I created a custom Control class (MasterDetailControl).
This class has two template parts:
[TemplatePart(Name = "PART_MasterSelector", Type = typeof(Selector))]
[TemplatePart(Name = "PART_DetailPresenter", Type = typeof(ContentPresenter))]
The control has an items dependency property:
public IList Items { ... }
I added a helper class:
[ContentProperty("Detail")]
public class MasterDetail
{
public object Master { get; set; }
public object Detail { get; set; }
}
Items that are placed in the Items DP are processed by the MasterDetailControl. If they are of type MasterDetail, the master is added to the selector items list. For other child item types, a new MasterDetail object is created with the object assigned to the master and detail fields. A separate list maintains all of the generated MasterDetail objects with indexes that correspond to those in the Selector control.

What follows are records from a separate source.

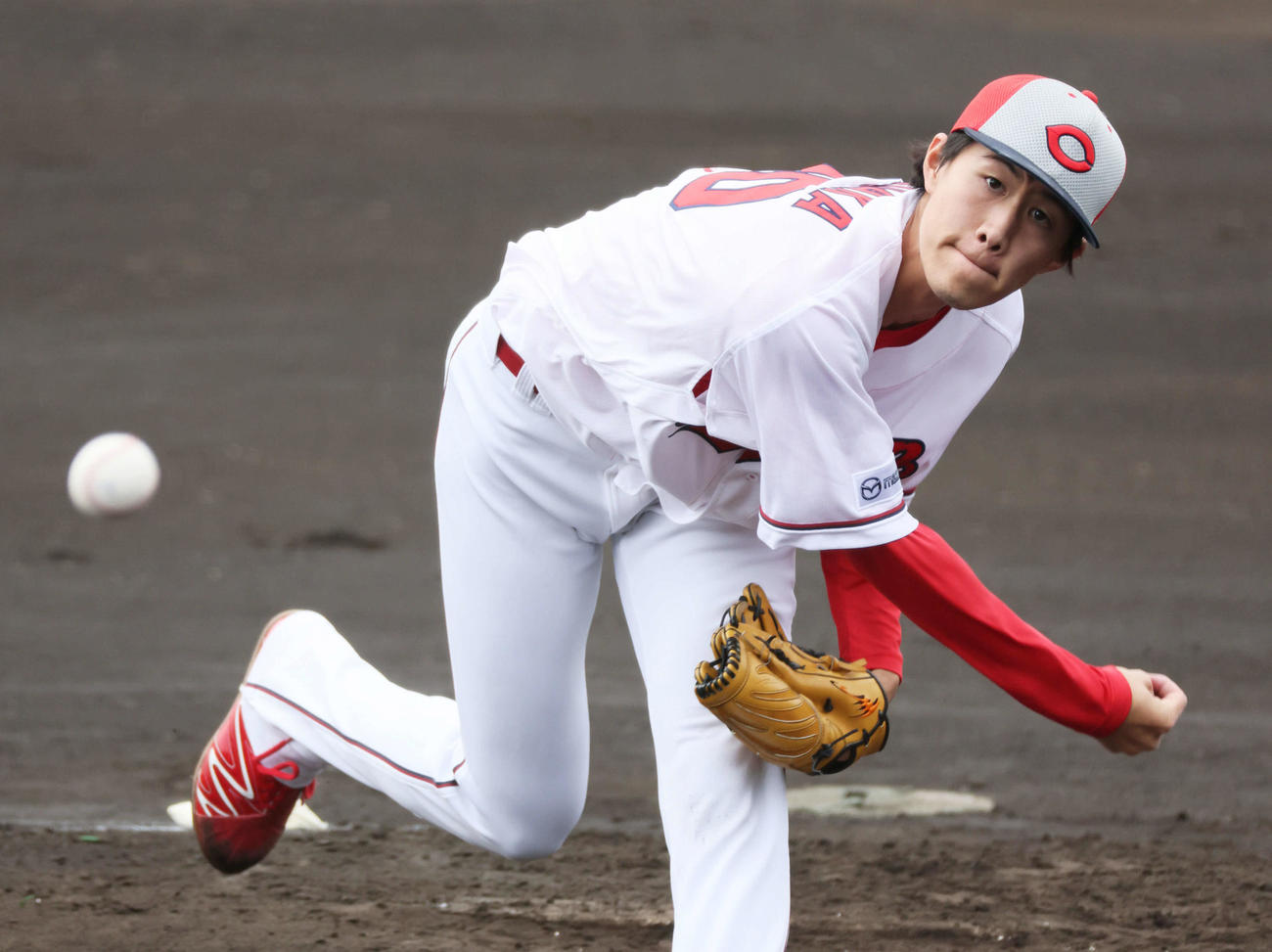 フリー打撃に登板した広島日高（撮影・加藤孝規）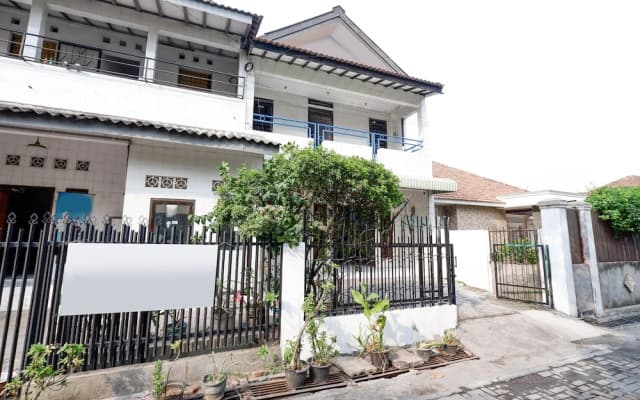 OYO Life 1942 Asia Residence Syariah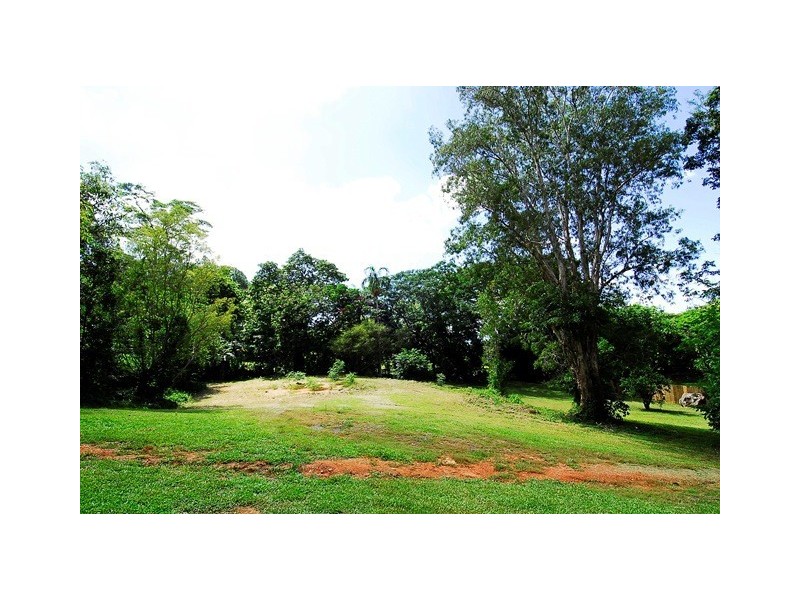 100 Stanton Road, Smithfield QLD 4878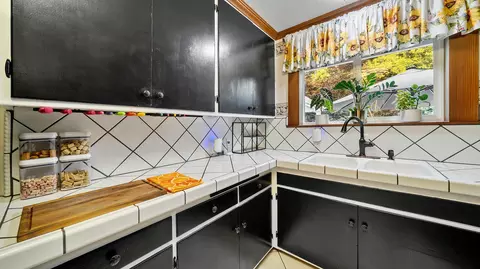 Kitchen - 2945 Mahan St, Redding, CA 96001 photo 2 of 4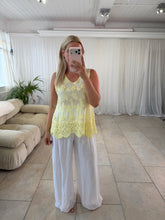 Load image into Gallery viewer, Cosette - Lemon

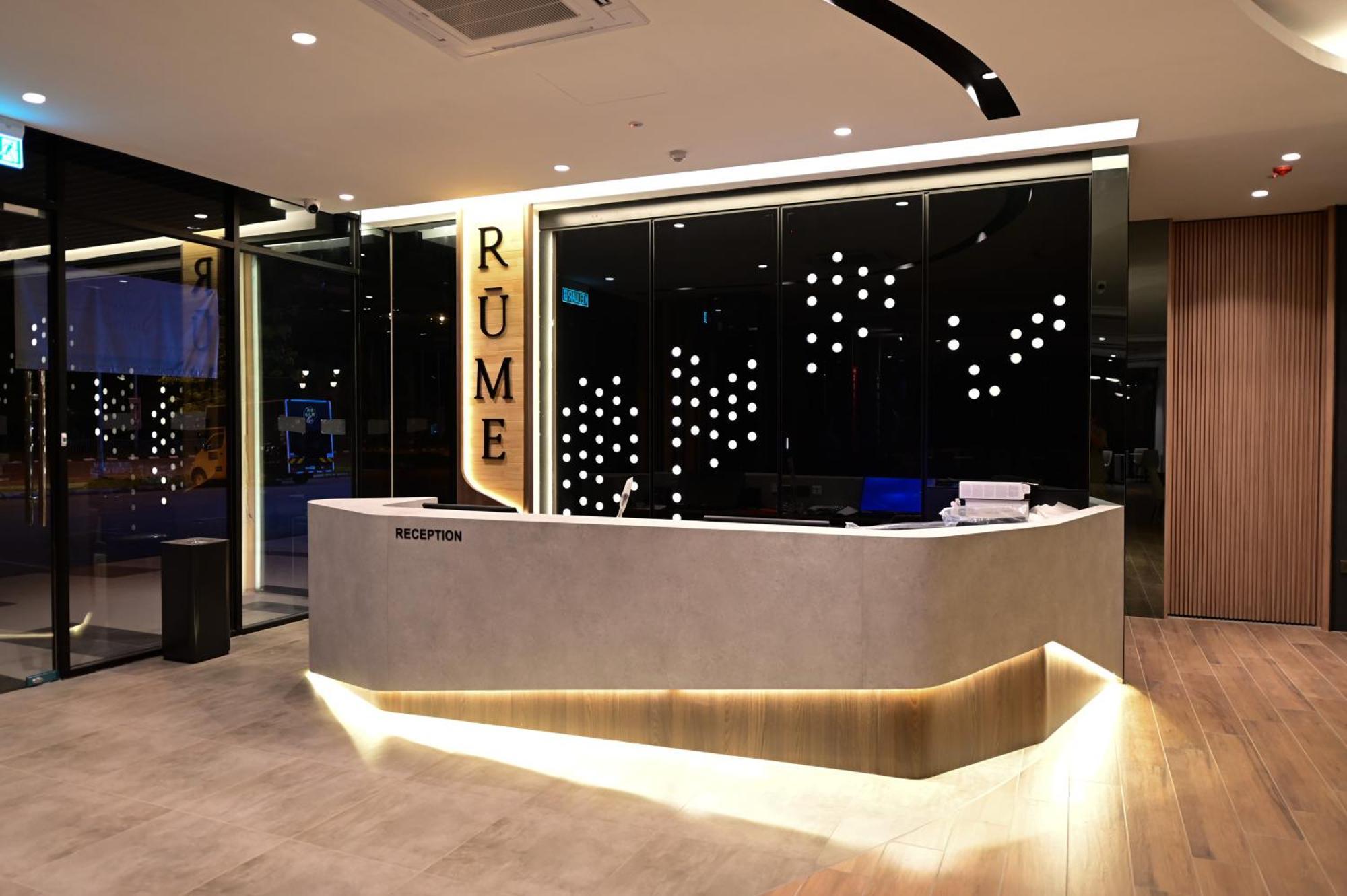 Rume Hotel Kuching Bagian luar foto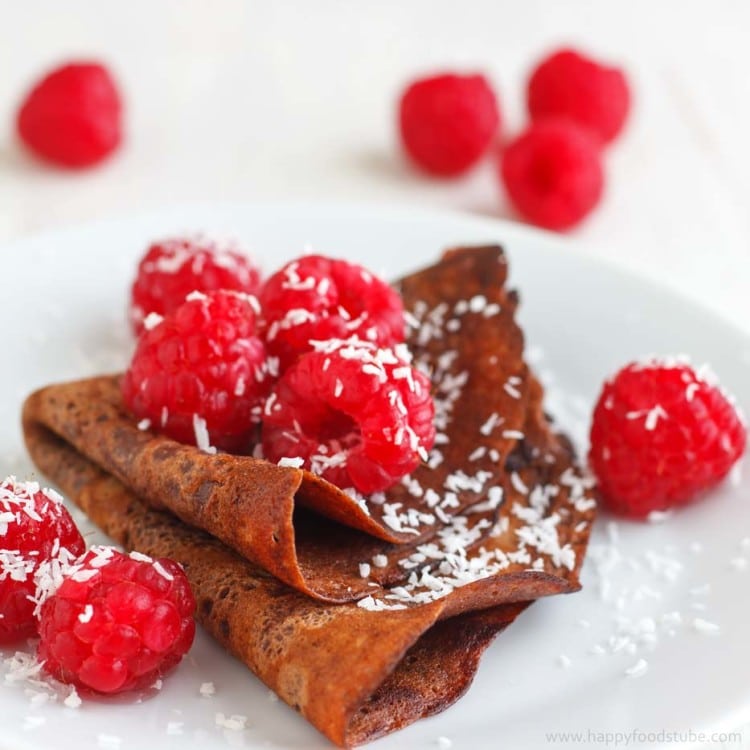 Dark Chocolate Crepes with Raspberries & Coconut - Super delicious crepes / pancakes recipe for chocolate lovers. Healthy ingredients, pancake tuesday, pancake day, vegetarian | happyfoodstube.com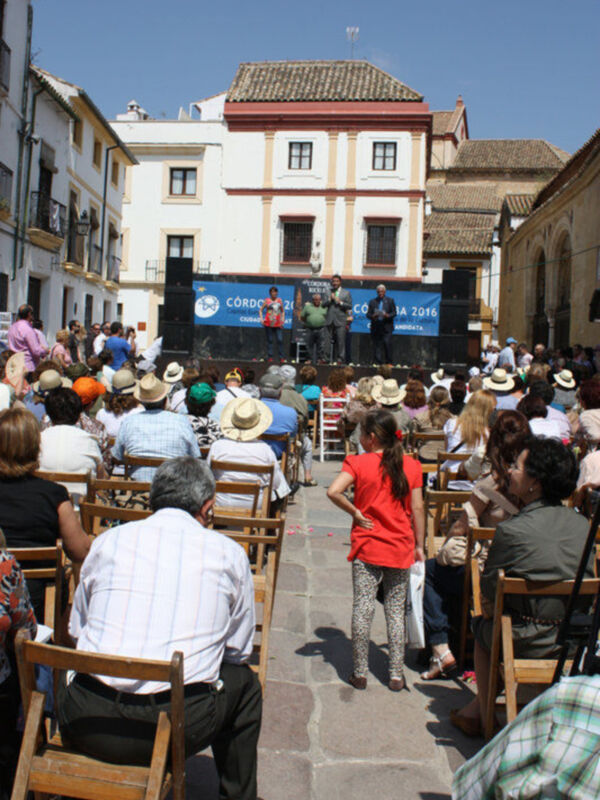 Conferencia en la plaza histórica de Córdoba, 2016.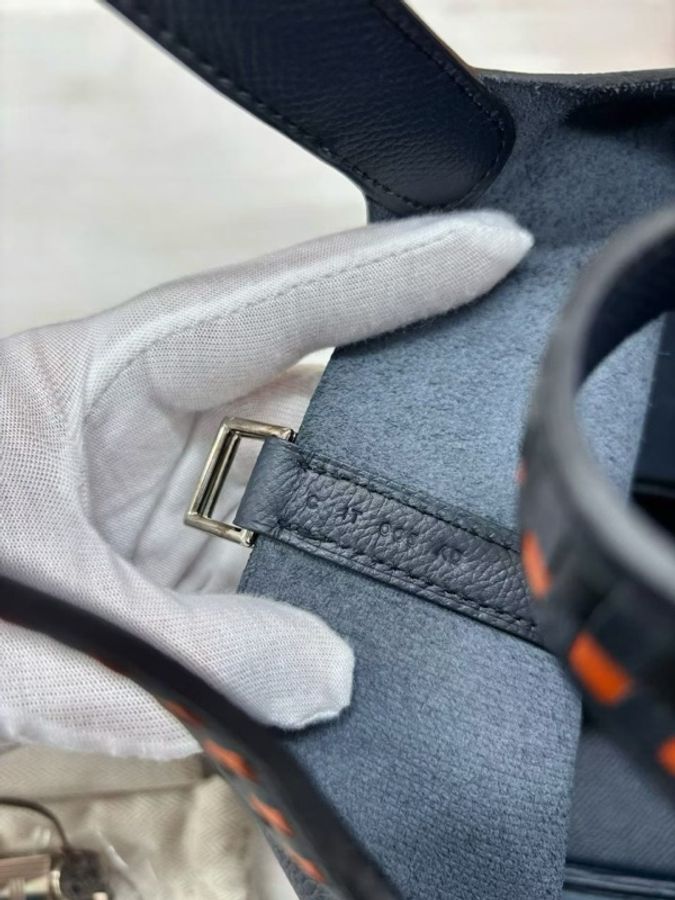 99新Hermes 愛馬仕 76靛藍菜籃子18，c刻，e皮 附件鎖具、塵袋、盒-6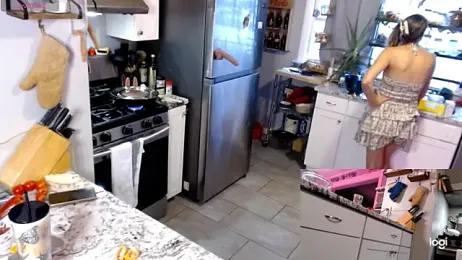 KierBearKisses webcam model stream image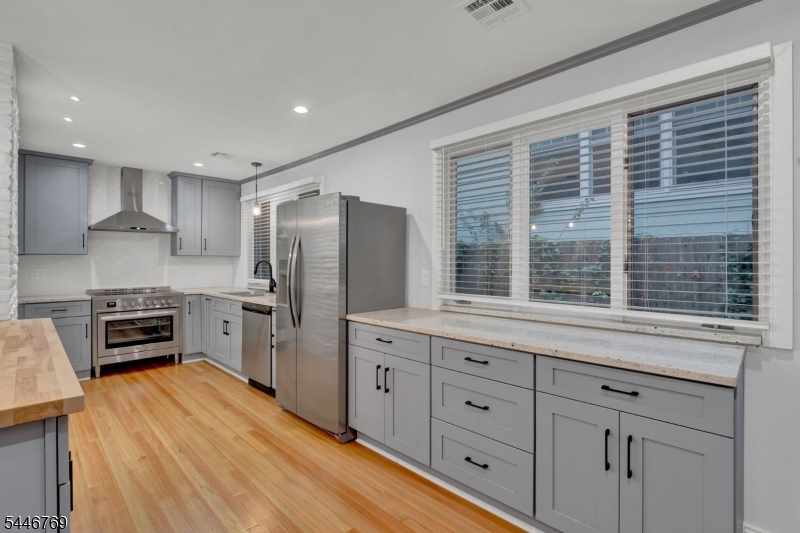 1 Lenox Place A Property Photo 10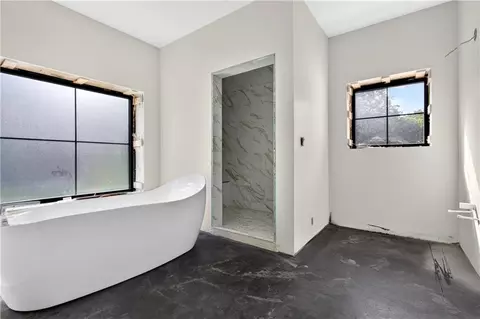 Bath - 123 Vals Ln, Frontenac, KS 66763 photo 3 of 3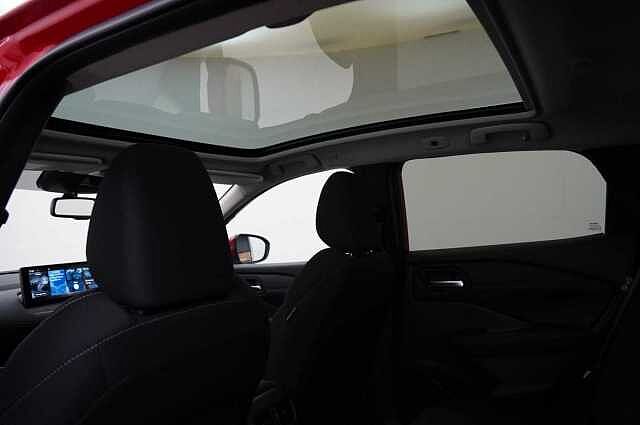 Nissan Qashqai 1.5 190 e-Power N-Connecta Auto with Glass Roof + Sat Nav and 360 Cameras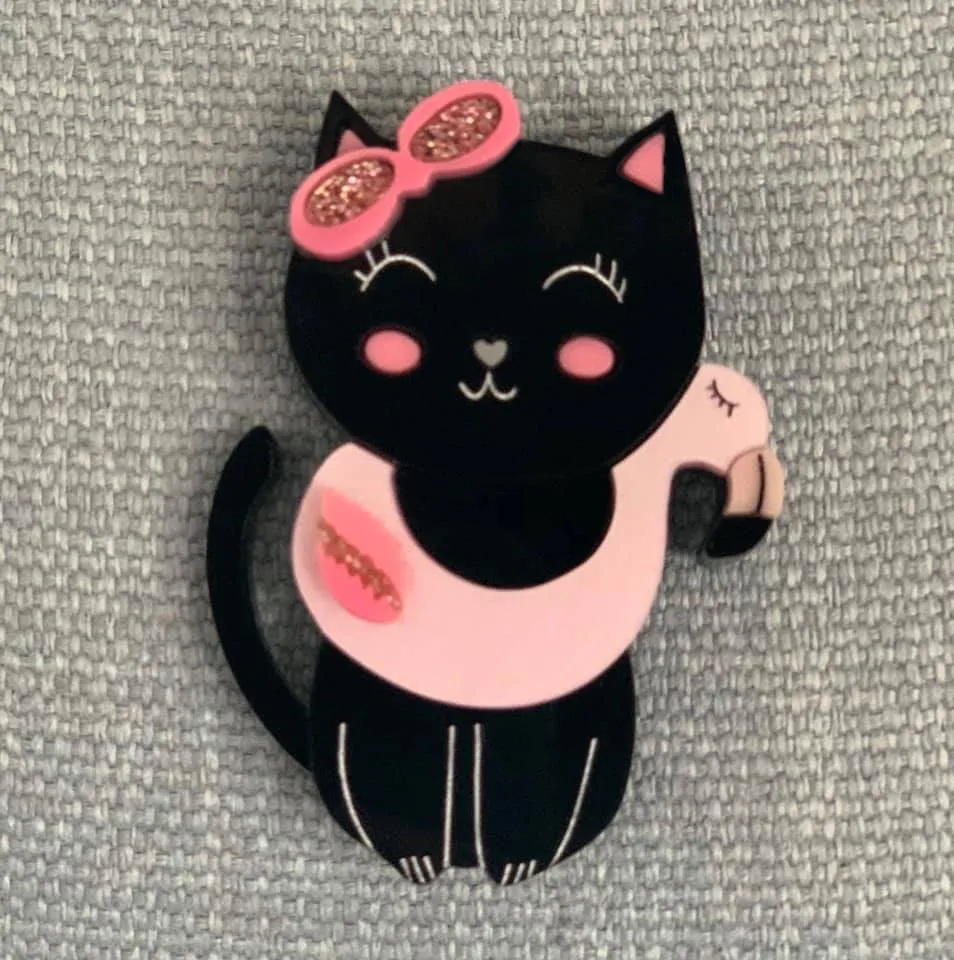 Black Kitty Pink flamingo - Brooch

When the SelectionChanged event fires on the Selector object, I set the ContentPresenter's Content property to the Detail field of the item corresponding to the selected master object.
If anyone wants more details, feel free to comment.
In the end, I can now use this control with a simple control template specifying any selector object (ListBox, ComboBox, etc) and a ContentPresenter.